The number of divorces has been increasing in Japan recently, but the rate of divorce was much higher back in the Edo period, both for samurai and for common people. According to a recent quantitative study of 100 daimyô houses and 100 families of direct retainers to the shôgun, their total divorce rate was 11.23% (of all marriages) and their remarriage rate was 58.65%. The divorce rate was higher for daimyô than for retainers, and the remarriage rate for the former was about 10 percentage points higher than for the latter. Among the daimyô, the highest divorce rate was seen among those whose domains’ rice production assessments were the lowest—less than 50,000 koku (a koku being roughly 180 liters)—and the divorce rate declined in inverse proportion to the koku level. Divorce was naturally less common among the lords of the largest (and wealthiest) domains because if one of these daimyô wanted to separate from his wife, he could move her to another residence and take a concubine instead.

Statistics like the above are based on official records submitted to the shogunate, but it seems likely that these records do not tell the full story. In principle divorce was frowned upon; it was certainly not encouraged. So there is a strong possibility that not all the cases were reported. In one specific case for which we have documentation, a person actually divorced five times, but only three of the divorces were officially reported. This suggests that divorce was even more common among the samurai than the historical records indicate.

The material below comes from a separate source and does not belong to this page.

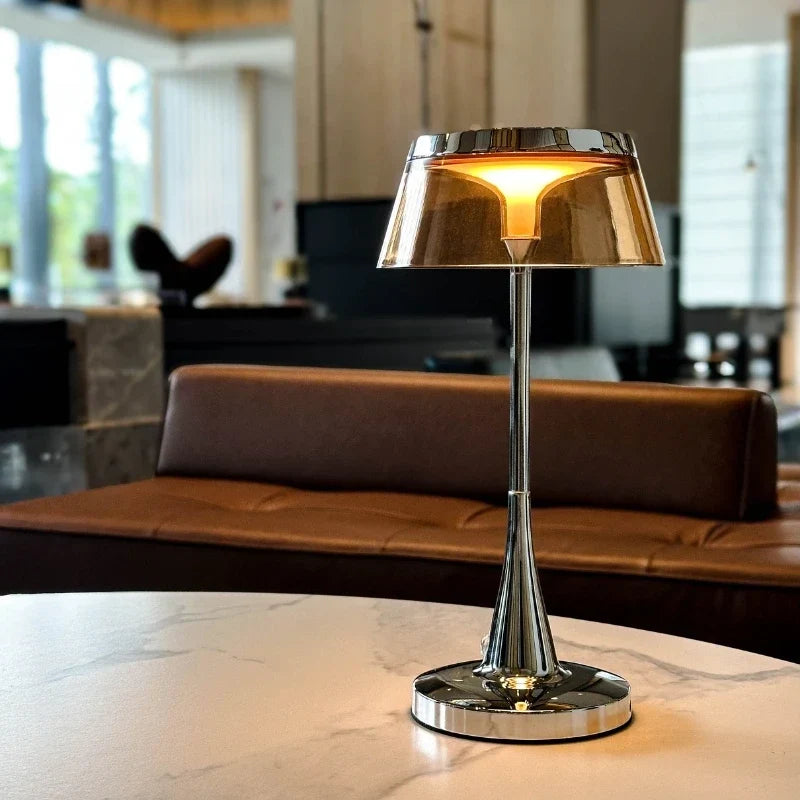 CrystalBase - Candeeiro de mesa com abat-jour em acrílico e base metálica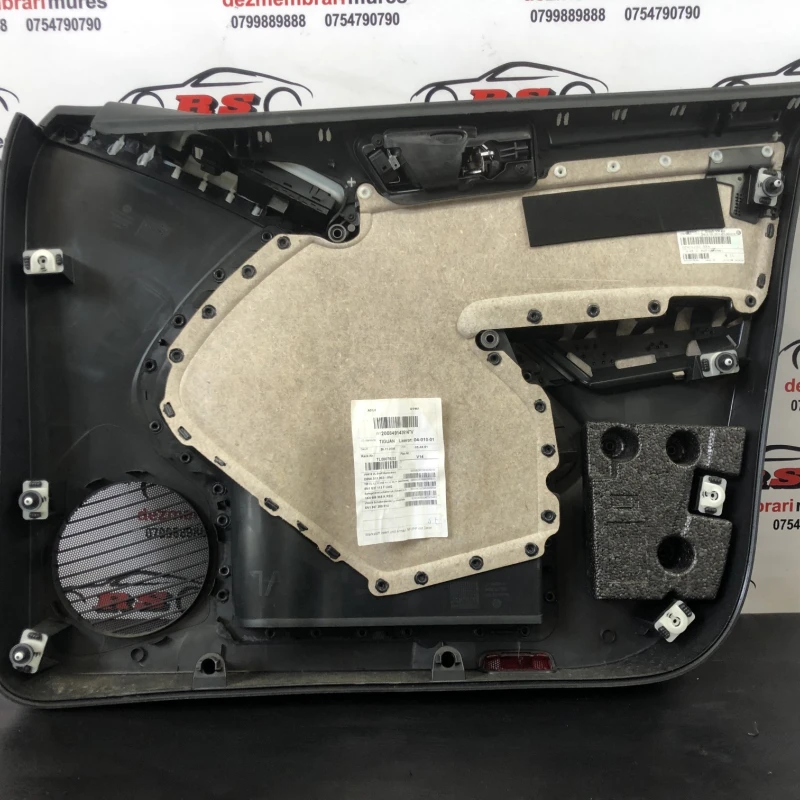 Panou tapiterie usa stanga fata / Volkswagen Tiguan 5N 2010 / Interior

We have no way of determining the divorce rate for commoners. As of 1883, the fifteenth year of the Meiji era, which was the first year for which national divorce statistics were recorded, the figure was 3.39 per 1,000 population (compared to 2.30 in 2002). This high level is said to have represented the legacy of Edo-period practices, lending credence to the idea that the divorce rate was relatively high for commoners as well. And we have documents for cases in which people divorced and remarried as many as five or six times. At least we can assert with confidence that divorce was more frequent then than now.

THE FINANCES OF DIVORCE

In the remainder of this essay I will concentrate on divorce cases among commoners, focusing particularly on the financial aspects.

One key principle of Edo-period divorces was what I call the “principle of the return of the dowry.” A wife’s assets can be considered to have fallen into five categories: (1) goods in the wife’s name, (2) dowry money, (3) dowry real estate, (4) real estate in the wife’s name, and (5) money in the wife’s name. The final two items would continue to belong to the wife regardless of a divorce. As for the first three, shogunate law stipulated that dowry money and real estate (such as fields and houses) belonged to the husband after the couple married, but the wife’s movable property, such as clothing and furniture, belonged to her and would not become her husband’s property through marriage.

Under shogunate law, it was stipulated that a husband could freely divorce his wife and that the divorce could not be challenged from the wife’s side, provided only that the husband returned the wife’s goods (movable property) and the dowry money and real estate. But this final proviso, which I call the principle of the return of the dowry, was in fact the most significant point of the divorce law. A senryû from the period highlights this requirement, speaking the words of a husband who starts to write a letter of divorce and then remembers that he has pawned some of his wife’s dowry goods: “Sarijô o kaku uchi shichi o uke ni yari,” meaning, “While writing the writ [of divorce], I sent for return [of my wife’s things] from the pawnshop.”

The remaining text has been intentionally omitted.